West Elm and John Lewis

The news that West Elm is opening in the revamped John Lewis Home department in early September is interesting for a number of reasons. As is often the case for US imports, trading in the UK has proved to be far tougher than they anticipated. At first sight, Tottenham Court Road seemed like a good choice for its first location. But was it? The fact that there are many other home brands there should fool no one: history shows that over the years many have not made money.

The reality is that Tottenham Court Road has a totally atypical core footfall. Does it really attract loads of additional customers as THE major home destination in the South East? I suspect that this store has not told the company very much about if and how it would work in more typical suburban locations. Home retailers need significant footage to work and given our massively higher occupancy costs relative to the US, this is a major barrier. Higher costs need much higher sales densities than they are used to.

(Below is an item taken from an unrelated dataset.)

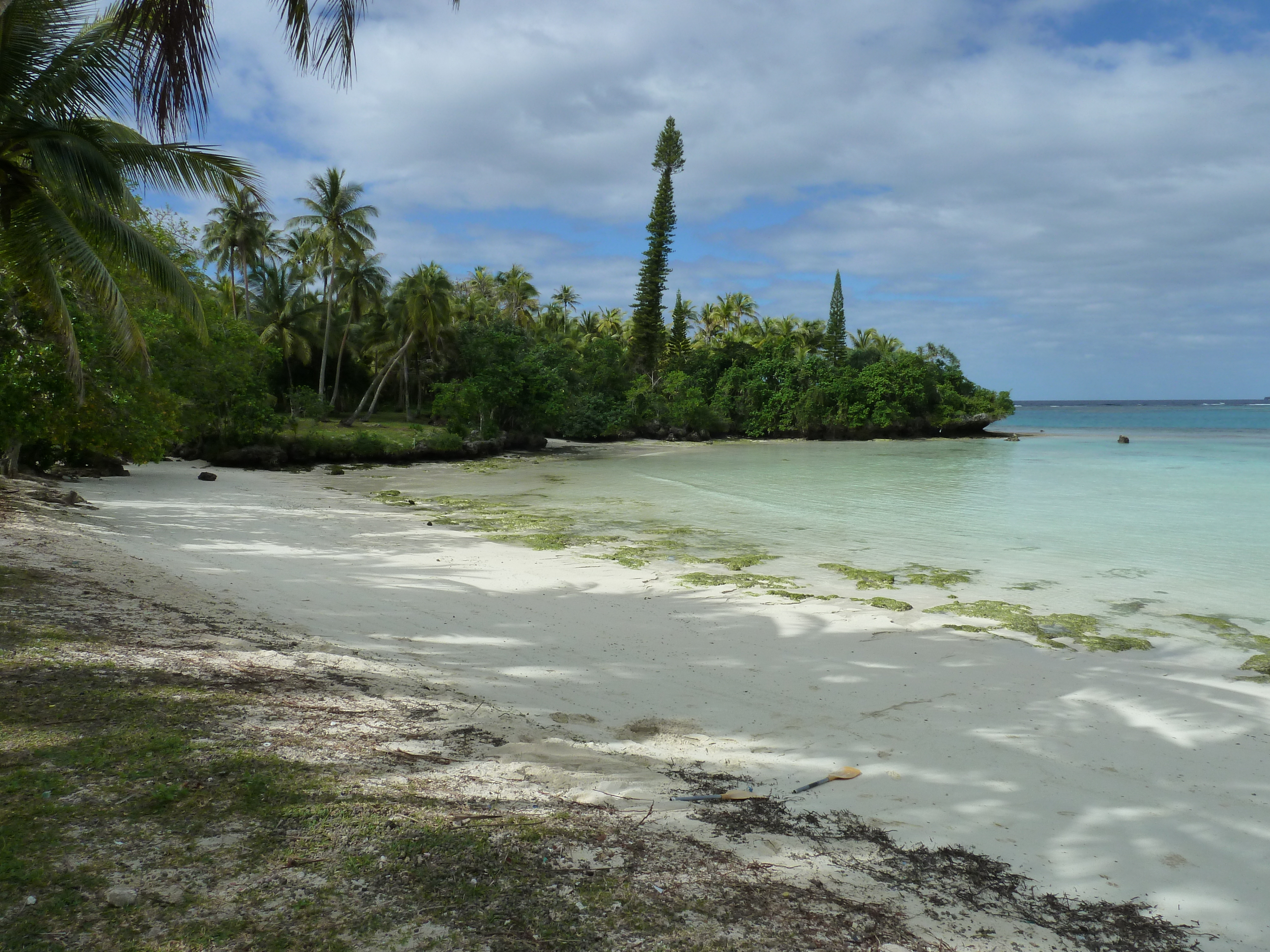 Picture New Caledonia Lifou Baie des tortues 2010-05 40 - Journey Baie des tortues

Supplying product to John Lewis might prove to be a great move for West Elm and for its parent Williams-Sonoma. There is a good fit in terms of target customers. It will be intriguing to see exactly how the range is presented. After all, Home is THE core product category for John Lewis. It needs to ensure that anything branded here augments, not dilutes its own hard won name in the market. For West Elm, this will be a supplier business rather than a retail one. Its future as a stand-alone retailer in the UK will remain uncertain even if it succeeds as a supplier.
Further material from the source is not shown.